Output must consist only of the lines of the material below from the one with "Chambres Privées dans" through the one with "Bavaria 32 Cruiser - Yacht Charter Sailica", each reproduced exactly; no pictures belong in it.

- Exercise material:
○ ○ ○ ○ ○ ○ ○

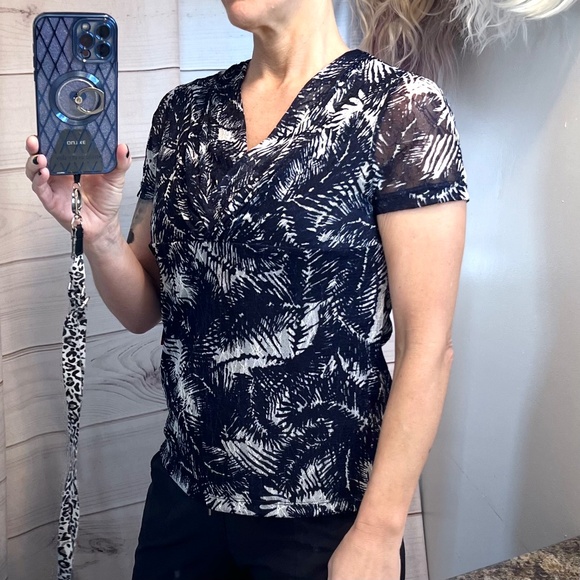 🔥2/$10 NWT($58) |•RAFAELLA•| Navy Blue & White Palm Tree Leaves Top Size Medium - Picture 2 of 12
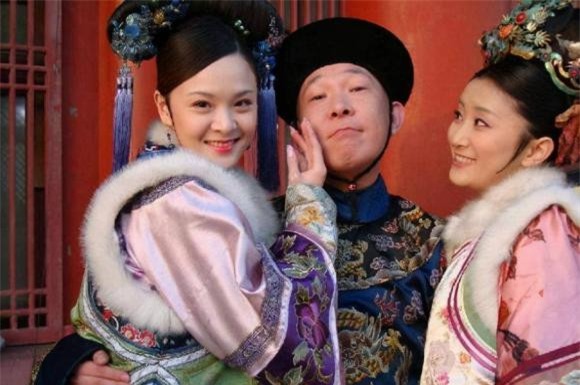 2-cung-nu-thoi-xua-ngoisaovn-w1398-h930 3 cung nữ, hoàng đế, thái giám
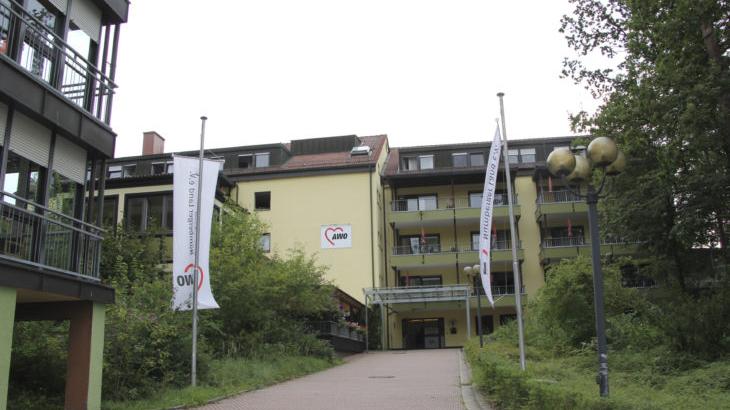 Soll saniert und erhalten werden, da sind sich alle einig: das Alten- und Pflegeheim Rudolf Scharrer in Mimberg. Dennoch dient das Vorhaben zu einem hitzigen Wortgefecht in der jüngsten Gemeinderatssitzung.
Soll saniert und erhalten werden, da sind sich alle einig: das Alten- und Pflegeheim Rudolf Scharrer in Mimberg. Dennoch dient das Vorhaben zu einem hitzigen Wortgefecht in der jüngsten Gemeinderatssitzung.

○ ○ ○ ○ ○ ○ ○

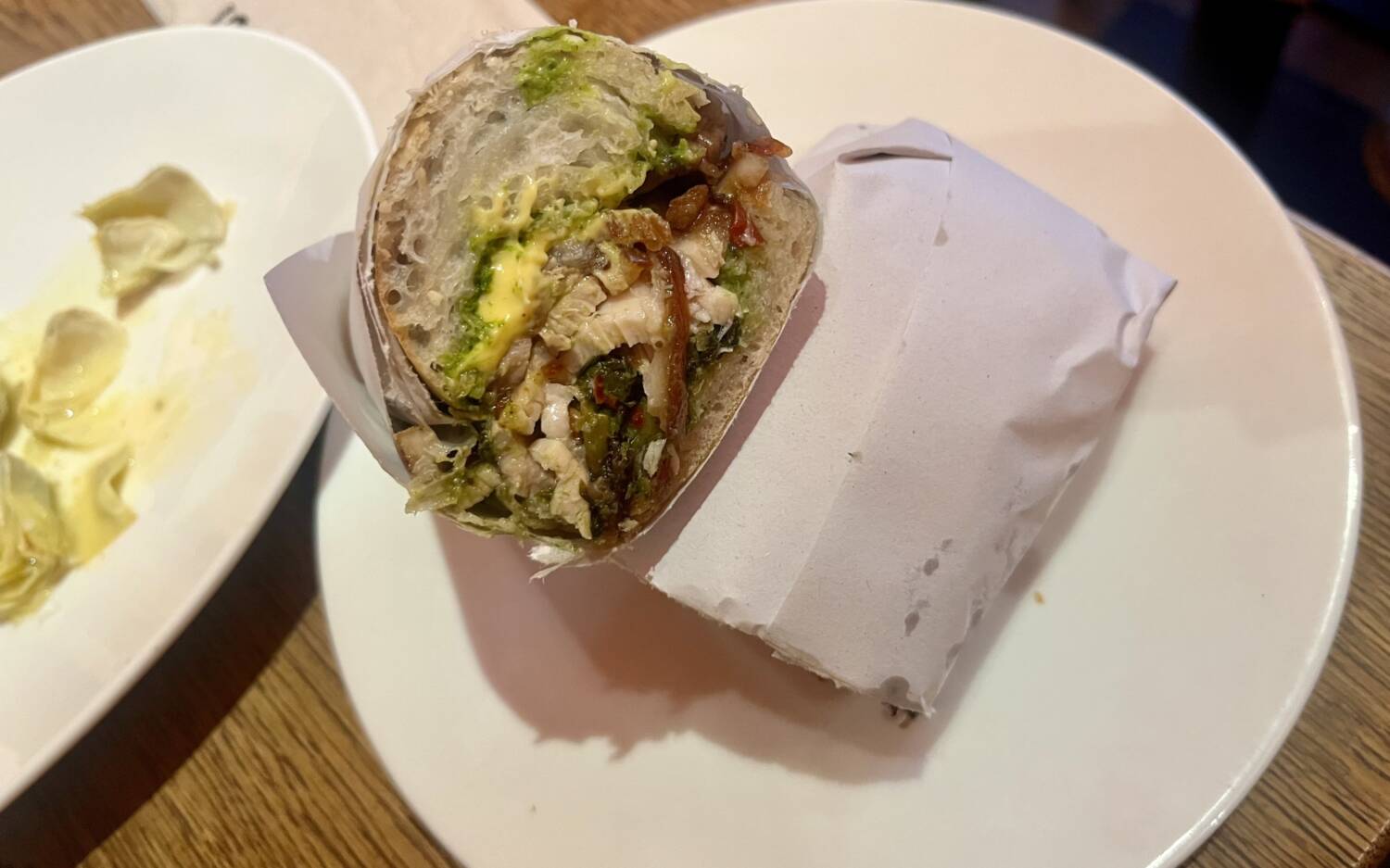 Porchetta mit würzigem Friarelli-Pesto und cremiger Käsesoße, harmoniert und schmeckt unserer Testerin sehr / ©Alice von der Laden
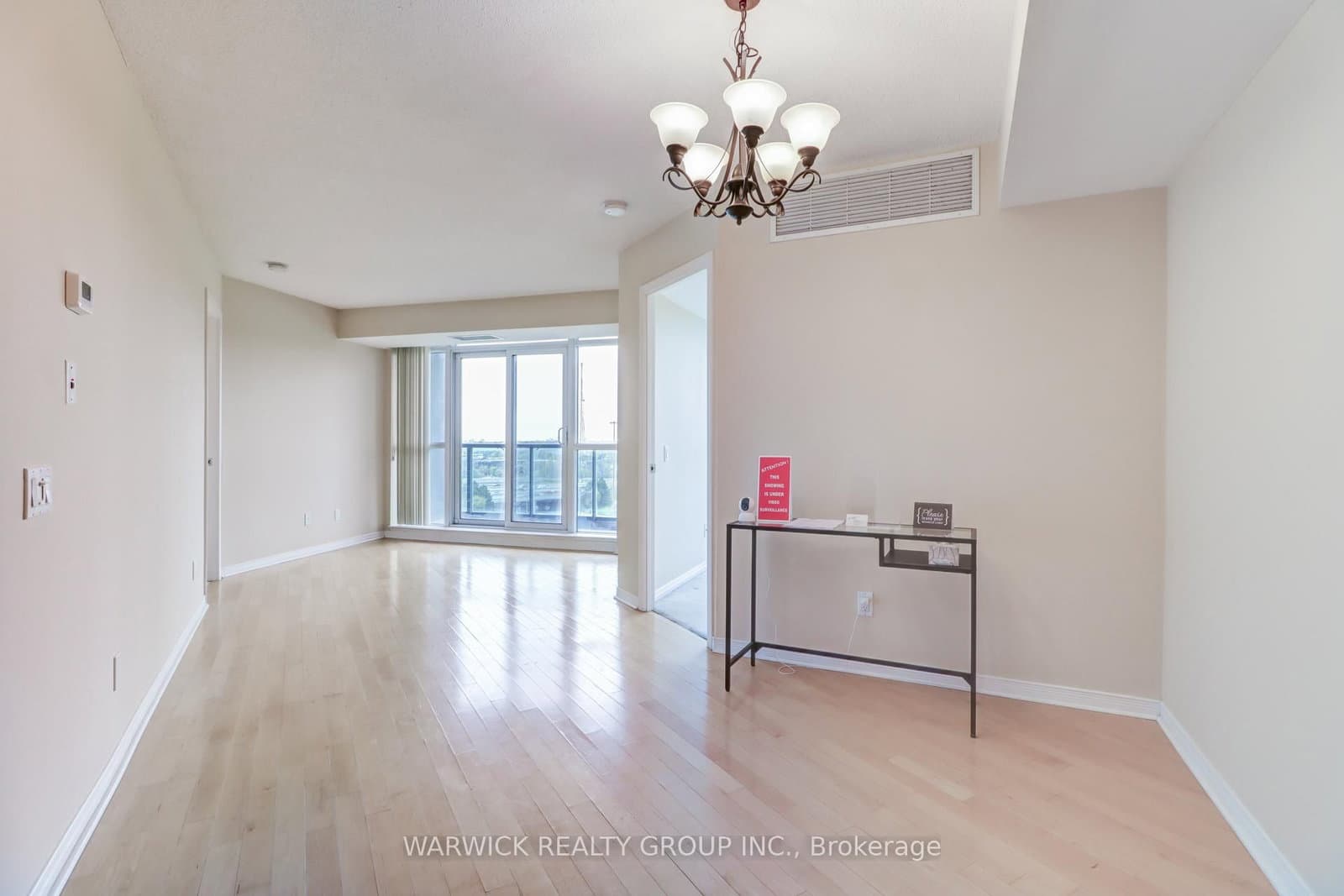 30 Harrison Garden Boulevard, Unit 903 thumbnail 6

○ ○ ○ ○ ○ ○ ○

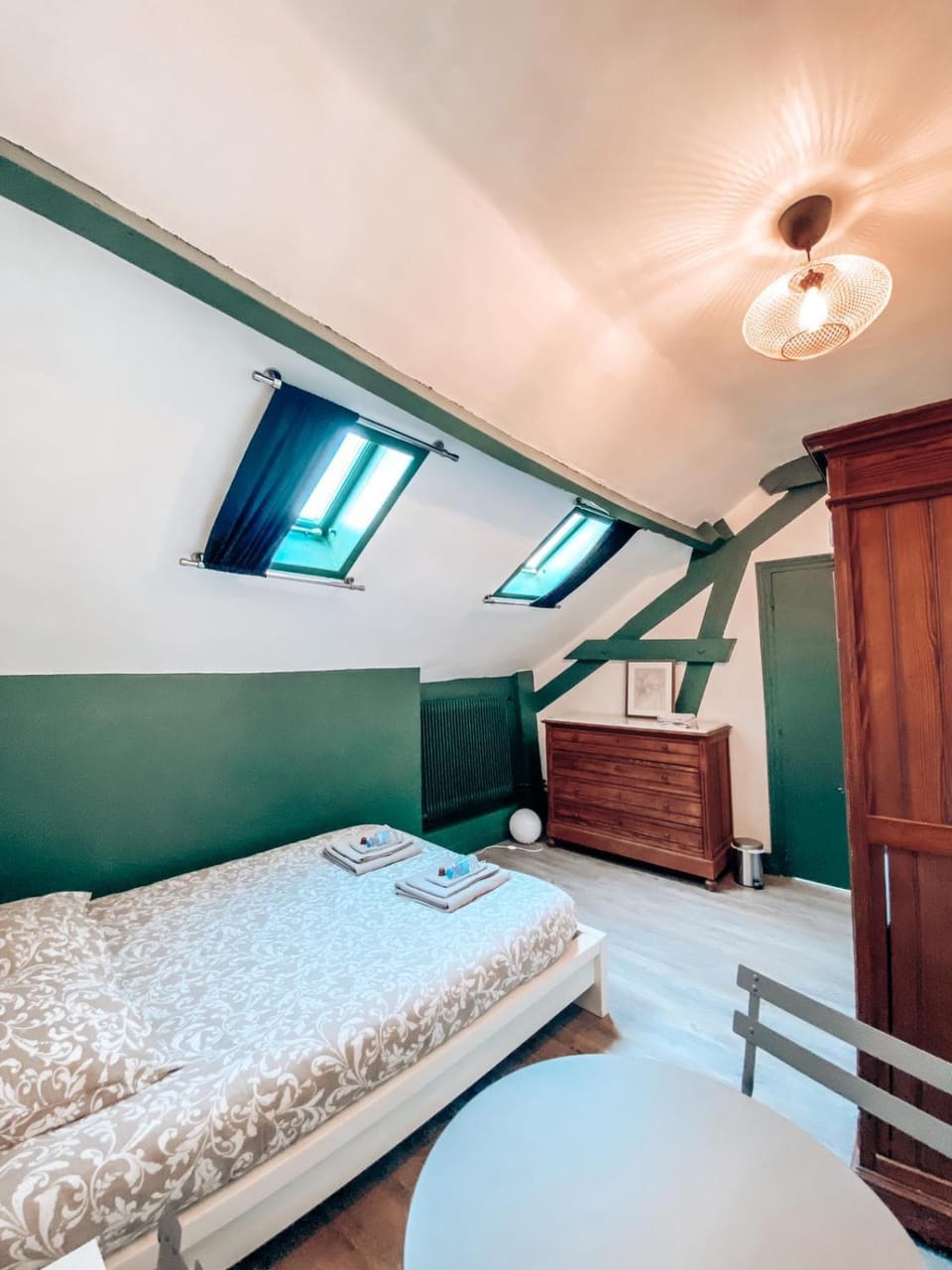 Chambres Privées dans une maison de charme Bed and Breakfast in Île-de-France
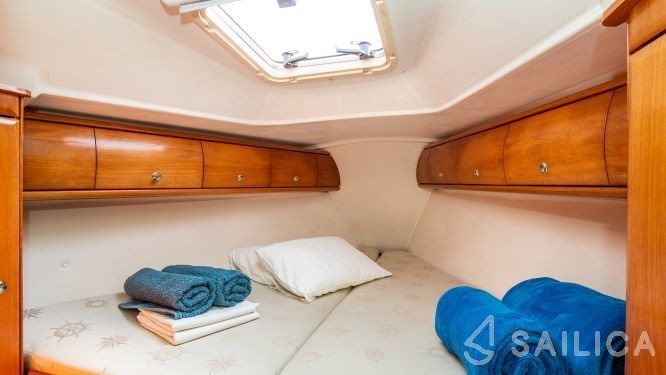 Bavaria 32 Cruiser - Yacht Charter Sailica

○ ○ ○ ○ ○ ○ ○

- Answer for this exercise:
 Chambres Privées dans une maison de charme Bed and Breakfast in Île-de-France
 Bavaria 32 Cruiser - Yacht Charter Sailica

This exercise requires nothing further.